The Weird Legacy Of Condé Nast's Unpaid Interns

Conversations with former interns reveal their role was a strange one that will be unique to fill. A director allegedly offered a room of unpaid interns $100 to whoever could come up with “a good idea” on the spot.

When the news broke last week that Condé Nast would no longer continue to hire unpaid interns, staffers knew that only one thing would cure the pain of the end of free labor: alcohol. One GQ editorial intern was jokingly presented with a bottle of "coping whiskey" by her bosses. It was quite an old-media gesture for a time that seems particularly modern.

Condé's decision to close off its unpaid internship program comes after a lawsuit from two former unpaid staffers, part of a bigger picture of lawsuits against large companies that have previously employed young people in unpaid positions. It's what New York Magazine has dubbed "the Great Unpaid-Intern Uprising."

Condé Nast has not released a statement about further action so far and did not return repeated requests for comment. Current interns will finish out their terms; the ban starts in 2014.

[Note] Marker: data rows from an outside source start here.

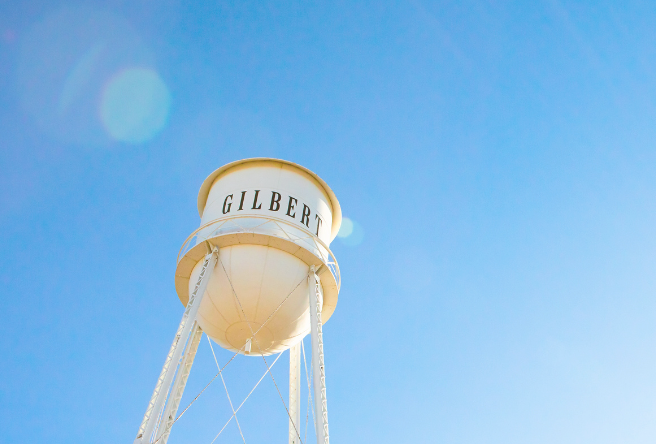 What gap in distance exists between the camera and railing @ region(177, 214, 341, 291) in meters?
12.2

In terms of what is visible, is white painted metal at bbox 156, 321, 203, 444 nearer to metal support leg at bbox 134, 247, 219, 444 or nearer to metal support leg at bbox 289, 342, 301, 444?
metal support leg at bbox 134, 247, 219, 444

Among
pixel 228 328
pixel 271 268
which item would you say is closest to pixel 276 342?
pixel 228 328

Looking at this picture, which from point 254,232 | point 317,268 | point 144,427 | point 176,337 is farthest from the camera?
point 317,268

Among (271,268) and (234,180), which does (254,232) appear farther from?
(234,180)

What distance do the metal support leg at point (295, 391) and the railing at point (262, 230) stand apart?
10.1ft

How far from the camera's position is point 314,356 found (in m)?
11.1

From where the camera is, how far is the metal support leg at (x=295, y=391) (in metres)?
13.3

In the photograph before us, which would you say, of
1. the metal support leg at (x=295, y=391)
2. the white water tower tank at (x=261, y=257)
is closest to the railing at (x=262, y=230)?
the white water tower tank at (x=261, y=257)

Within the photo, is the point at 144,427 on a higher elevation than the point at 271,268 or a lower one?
lower

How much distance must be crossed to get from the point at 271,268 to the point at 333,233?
11.3ft

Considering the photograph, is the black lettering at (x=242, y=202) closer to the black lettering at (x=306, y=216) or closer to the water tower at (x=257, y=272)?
the water tower at (x=257, y=272)

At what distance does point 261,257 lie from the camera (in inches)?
479

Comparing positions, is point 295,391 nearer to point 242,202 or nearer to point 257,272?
point 257,272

In several conversations with former Condé Nast interns and employees, the same thing has come up in almost every one: The effort to fill their shoes — presumably without a fleet of willing upstarts — will be interesting to watch.

One former intern said that she once overheard a editor telling an underling, "Don't send a messenger, always send an intern. It saves money."

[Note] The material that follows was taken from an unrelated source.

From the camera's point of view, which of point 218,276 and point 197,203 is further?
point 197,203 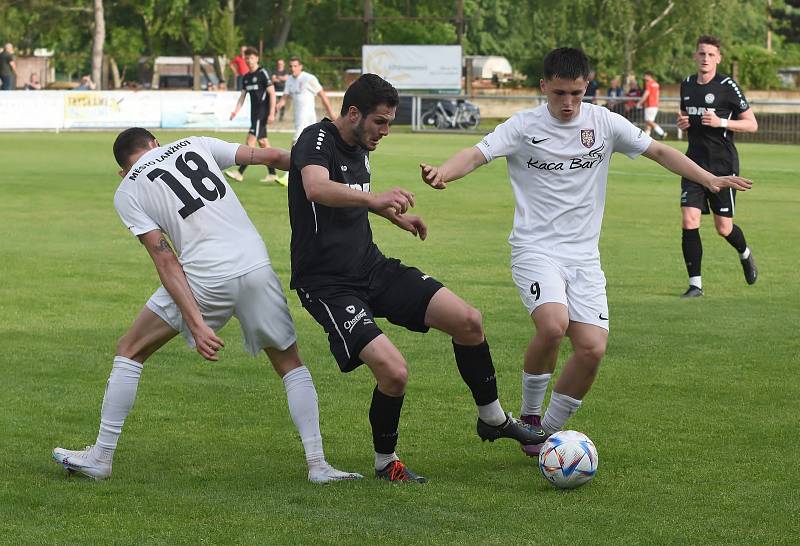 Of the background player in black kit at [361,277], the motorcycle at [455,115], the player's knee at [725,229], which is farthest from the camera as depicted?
the motorcycle at [455,115]

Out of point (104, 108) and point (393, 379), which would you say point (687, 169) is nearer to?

John Surico, a former web intern and freelancer for Condé property GQ, called interns the "backbone" of the company. He said that editorial interns were more likely than web interns to do errand-based tasks, and that the worst tasks for editorial interns were lengthy interview transcriptions — some of which took over eight hours to complete.

"You can have an amazing Zach Baron story, but there's no story without a transcription," he said.

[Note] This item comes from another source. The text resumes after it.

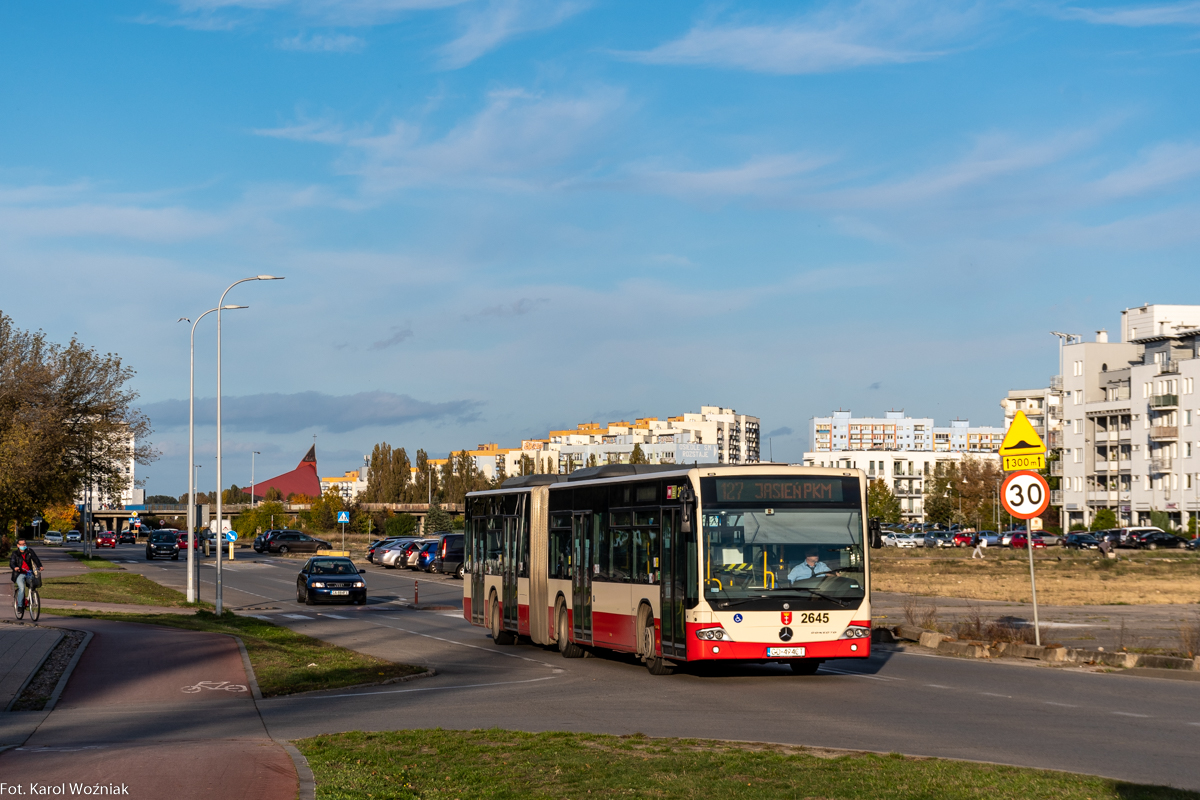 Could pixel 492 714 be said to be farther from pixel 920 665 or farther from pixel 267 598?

Another source described mixed feelings in the legal department where interns were not paid, but were sent on expensed trips and were given rooms in nice hotels. Allegedly the legal department's training program started with the director telling a room of unpaid interns that whoever could come up with "a good idea" on the spot would get $100 cash.

A 2007 Condé intern who wished to remain anonymous said one of the most important lessons she learned while working without pay is that breaking into the world of print media requires a steady cash flow from somewhere else besides work.

"A few years later," she said, "I interviewed for a job as a features assistant at Vogue, during which an editor asked me what my parents did before telling me how much money I'd make: $25,000 a year."

Jerry Donahue, the assistant director of career services at Northwestern's Medill program — whose son is a journalist — said unpaid internships are a personal choice and should be considered carefully. "It's up to them. ... In a lot of cases, it comes down to job description. What are you actually going to be doing at that job?"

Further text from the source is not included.